Rambler's Top100



Я родился в шестидесятом...

Я родился в шестидесятом...

В десятом классе я носил полушубок моего деда, который был у него еще до войны. Он был пошит очень добротно и хорошо сохранился.

С каракулевым воротником и пыжиковой подкладкой он смотрелся очень здорово и необычно. И хотя подкладку надо было время от времени подшивать, так как она постоянно рвалась и висела клочьями, я любил его носить. Уже гораздо позже, лет через двадцать, на вечере встречи выпускников, я узнал от Олега Родченко о том, что подкладка не рвалась, а её рвали именно они с Володей Ковганцом и Владиком Мишиным, так как у них не было такого полушубка.

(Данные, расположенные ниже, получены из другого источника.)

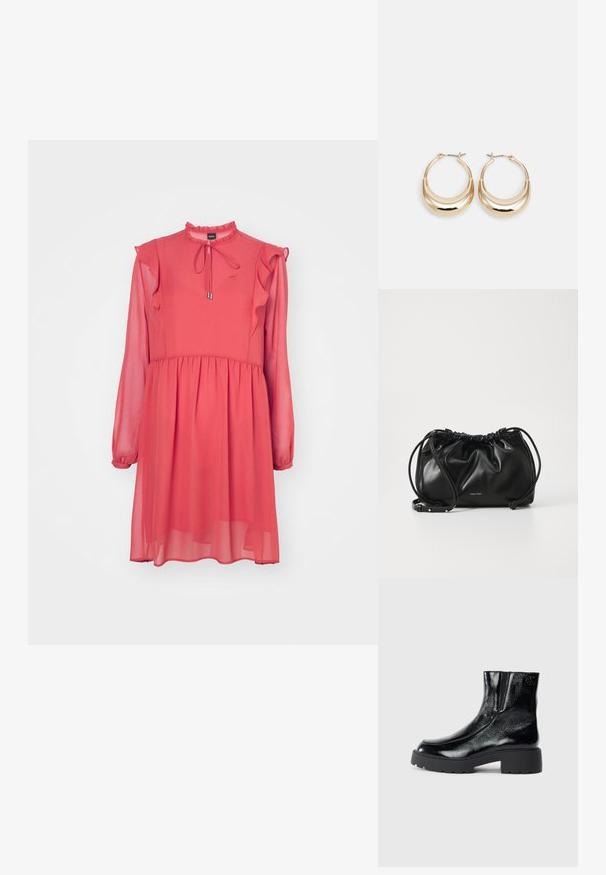 BOSS DIRENNA - Vestido de cocktail / Vestido de festa - light/pastel red; Botas de tornozelo pretas com acabamento em pele envernizada brilhante, sola de borracha preta robusta e salto elevado; inclui um detalhe discreto do logótipo na lateral.; Bolsa de mão em couro preto com design franzido, fecho de cordão duplo e alça de ombro destacável. Apresenta detalhe em logo metálico.; Brincos em forma de argola em tom dourado, com um formato de crescente, superfície polida e fecho articulado. A textura suave e o acabamento reflexivo aumentam a visibilidade.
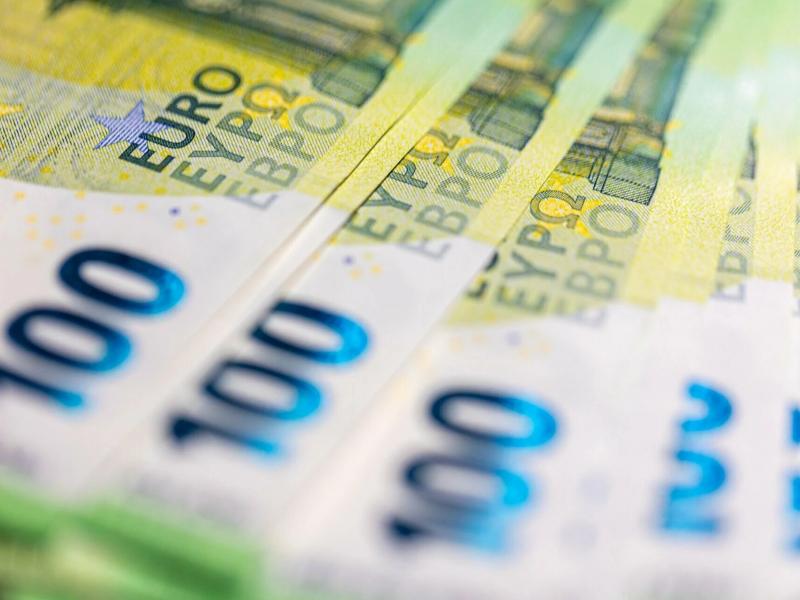 Ευρώ, χρήματα σε χαρτονομίσματα και voucher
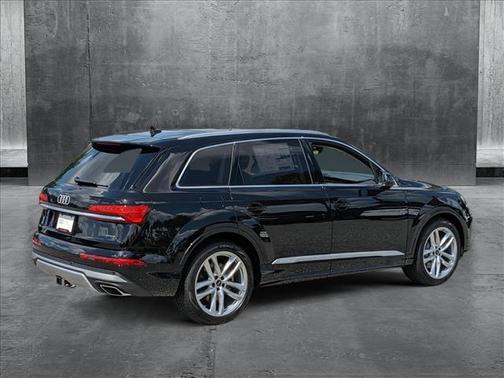 2025 Audi Q7 55 Premium Plus
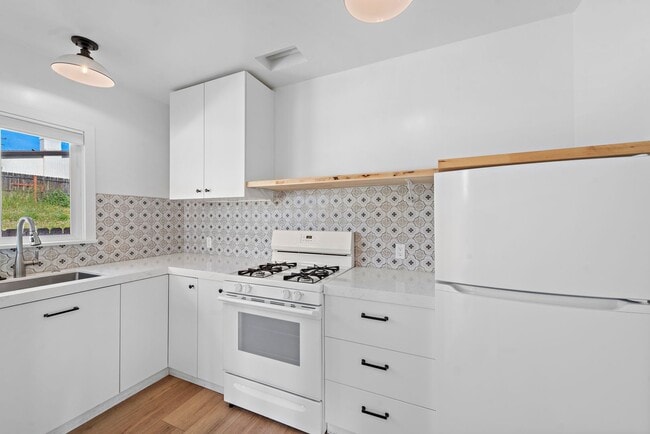 Building Photo - 108 Avenida Dolores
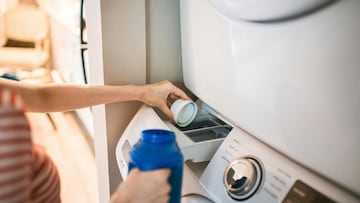 Luca mordió la cápsula con la mala suerte de que el contenido le salpicó en sus ojos, y la pequeña reaccionó frotándoselos, provocándole graves quemaduras.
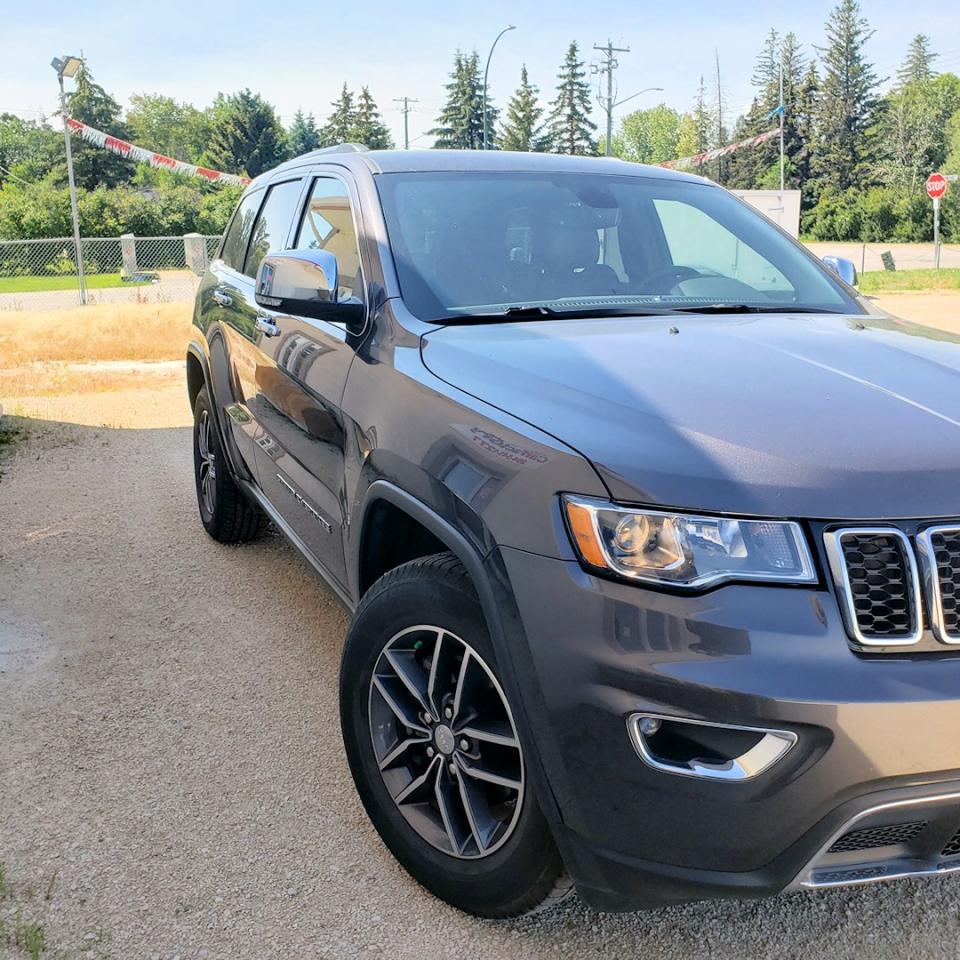 2019 Jeep Grand Cherokee LIMITED 4X4 - Photo #5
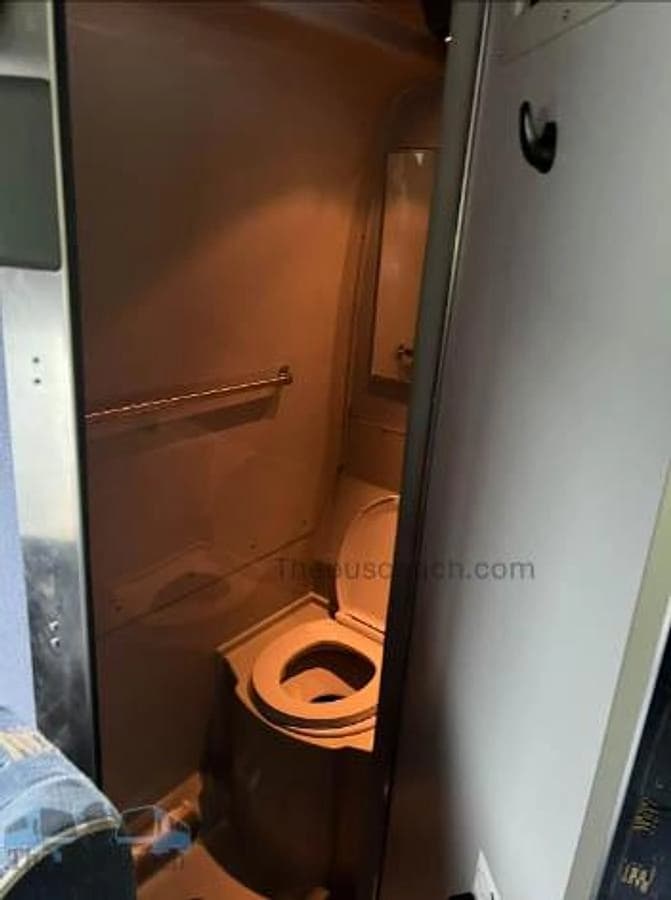 2016 Prevost X3-45 ADA - Thumbnail 6 2016 Prevost X3-45 ADA - Thumbnail 6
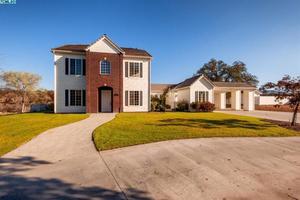 photo 1 of 14510 Canvas Back Ln, Prather, CA 93651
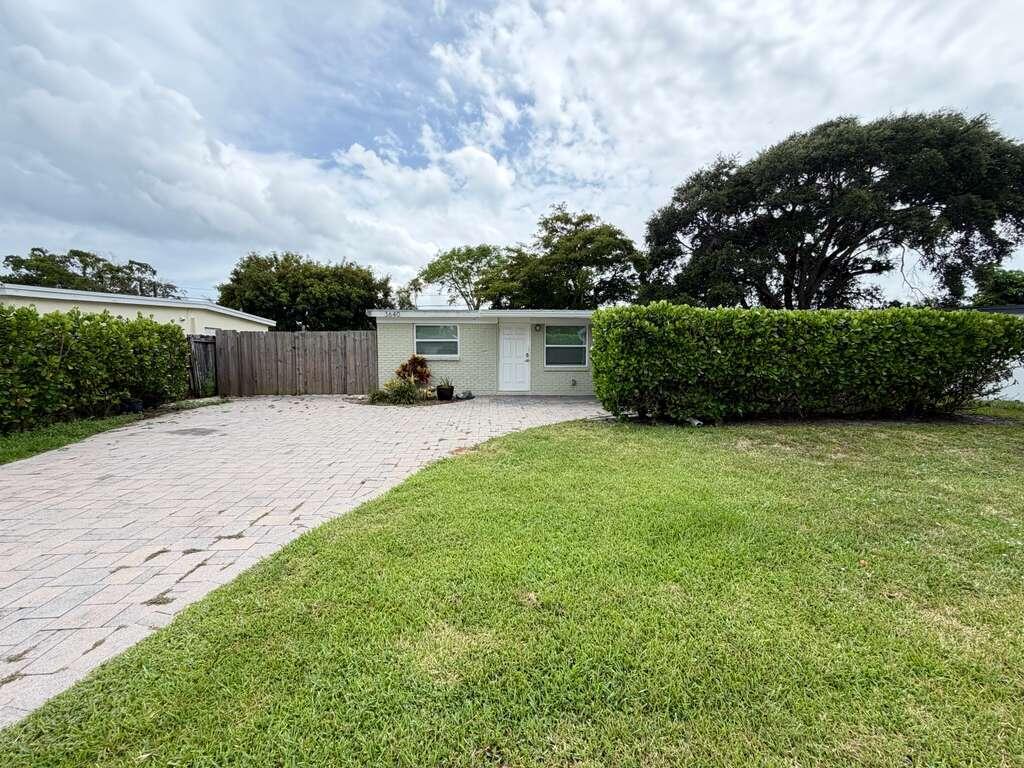 3640 Gull Road Cabana Colony, FL 33410 - Photo 16 of 33 WhatsApp Image 2026-06-08 at 23.32.54 (1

У Владика Мишина отец преподавал в Ворошиловградском машинституте. Как и всякий умный человек, он мог пошутить над собой, подурачиться в кругу близких и друзей. Однажды дома он прилепил себе на лысину чуть выше лба стрелу на присоске от детского лука, и, расхаживая по квартире, уверял домашних, что он единорог. Каково же было его удивление, когда после снятия стрелы, он увидел идеально ровный круглый след тёмно – бурого цвета, который остался у него на голове. Создавалось впечатление, что на лоб ему была поставлена банка и стояла там не менее суток. А лекции то студентам читать надо. И он заклеил отметину лейкопластырем крест-накрест. Владик, конечно – же, рассказал обо всём нам.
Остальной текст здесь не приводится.